Shelagh McDonald - Stargazer (1971)

«As much myth as musician, singer/songwriter Shelagh McDonald seemed poised to emerge as a major voice in British folk music when she abruptly vanished mere months after the release of her breakthrough LP. Born and raised in Edinburgh, Scotland, McDonald arrived in London sometime in the late '60s. While performing at the Troubadour, she befriended fellow singer/songwriter Keith Christmas, who would prove instrumental in landing her a record deal with the B&C label. Album followed in 1970 to decent reviews but mediocre sales, but 1971's Stargazer was a far different story.
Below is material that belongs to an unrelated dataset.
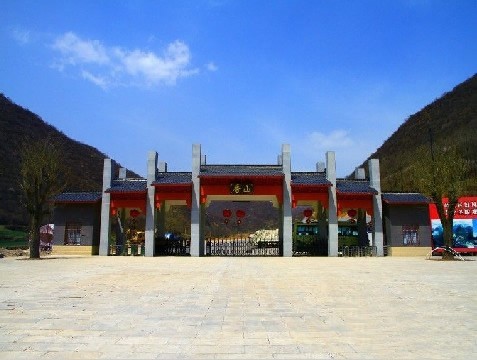 照金香山
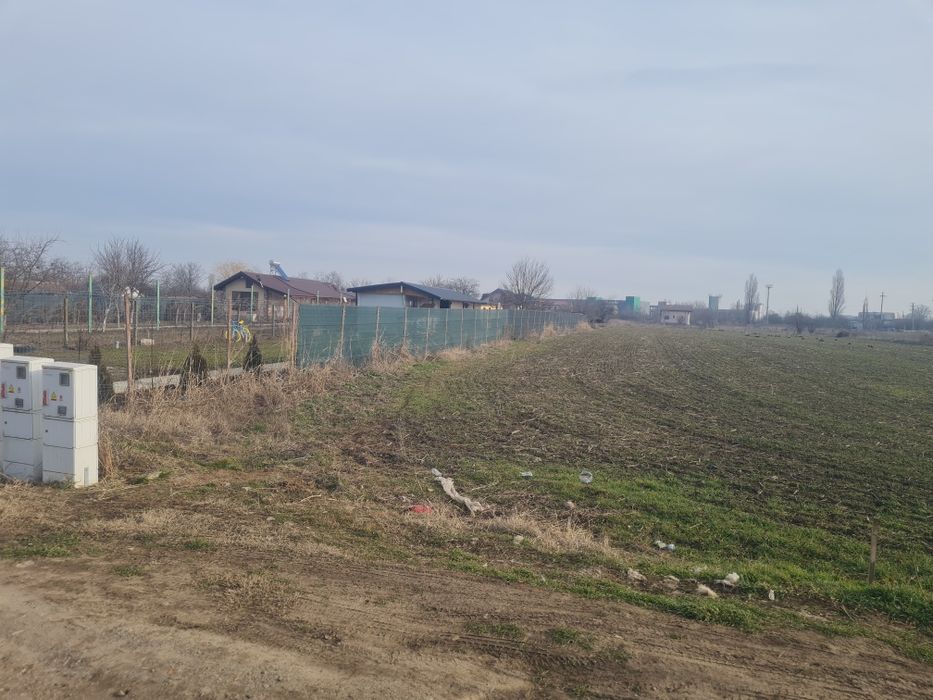 Vand teren intravilan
With McDonald dubbed "the new Sandy Denny" by the U.K. music press, the record was a critical smash and sold respectably.
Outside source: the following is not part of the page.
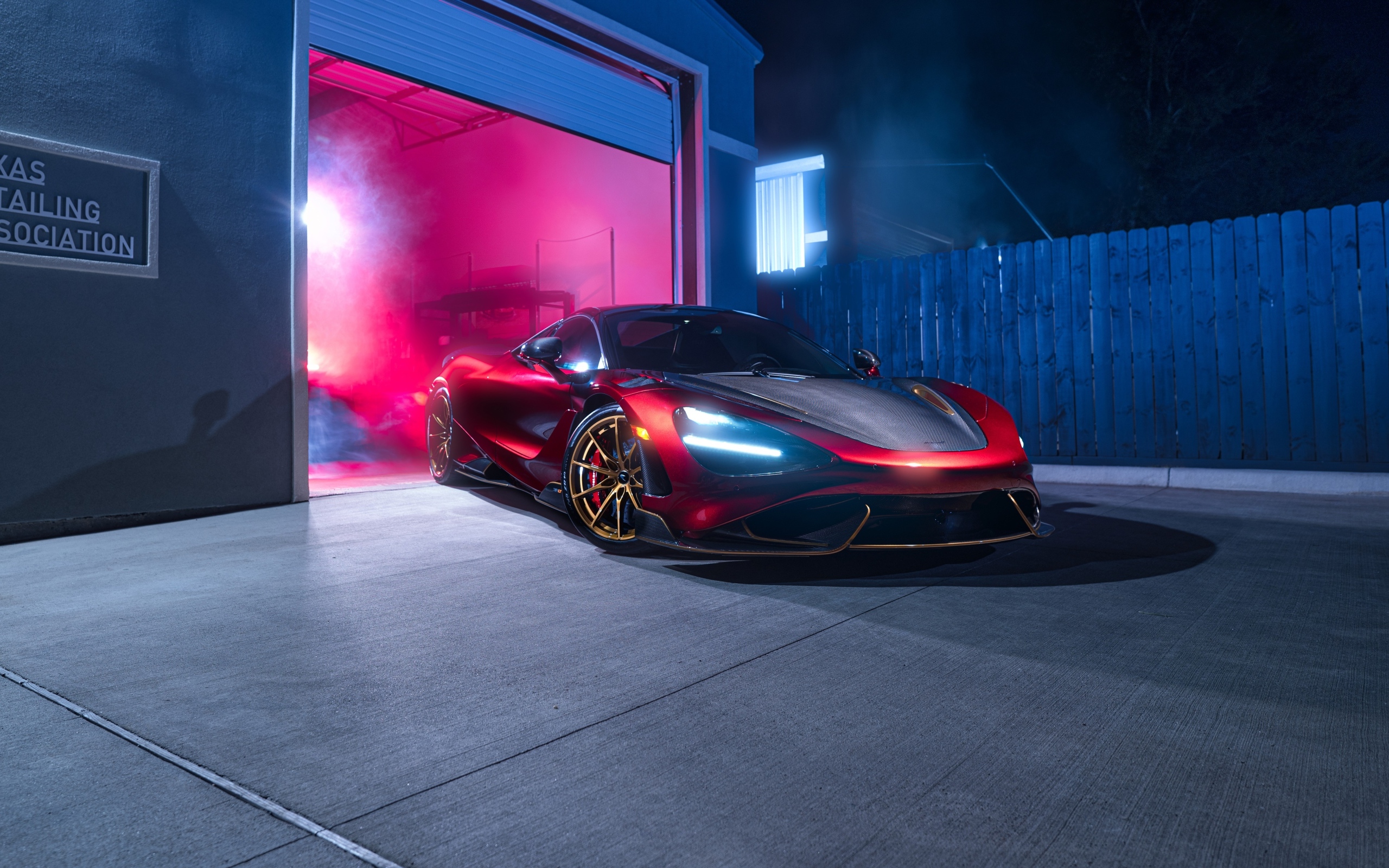 Красный  McLaren 765LT Spider у гаража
But after recording a handful of tracks for a proposed third LP, McDonald suddenly disappeared, leaving no clues to her rationale or her whereabouts. While many friends and fans speculated she returned to Scotland, unhappy with her life and career in London, others believed she fled to either the U.S. or Canada in an attempt to recover from a failed relationship or to cure a drug problem. In truth, it was a life-altering LSD trip that sent her into seclusion and also ruined her voice. After a time spent putting her life back together, she married a Scottish bookstore owner and drifted away from society again, only this time happily.
With the CD re-release o
f Album and Stargazer, her music was embraced by a new generation of fans, and in 2005 Castle/Sanctuary released Let No Man Steal Your Thyme, a compilation of McDonald's complete recorded output, including outtakes and demos. 2005 also was the year McDonald finally resurfaced. After reading a story about herself in The Scottish Daily Mail, she submitted to an interview that cleared up much of the mystery behind her disappearance.» (AMG)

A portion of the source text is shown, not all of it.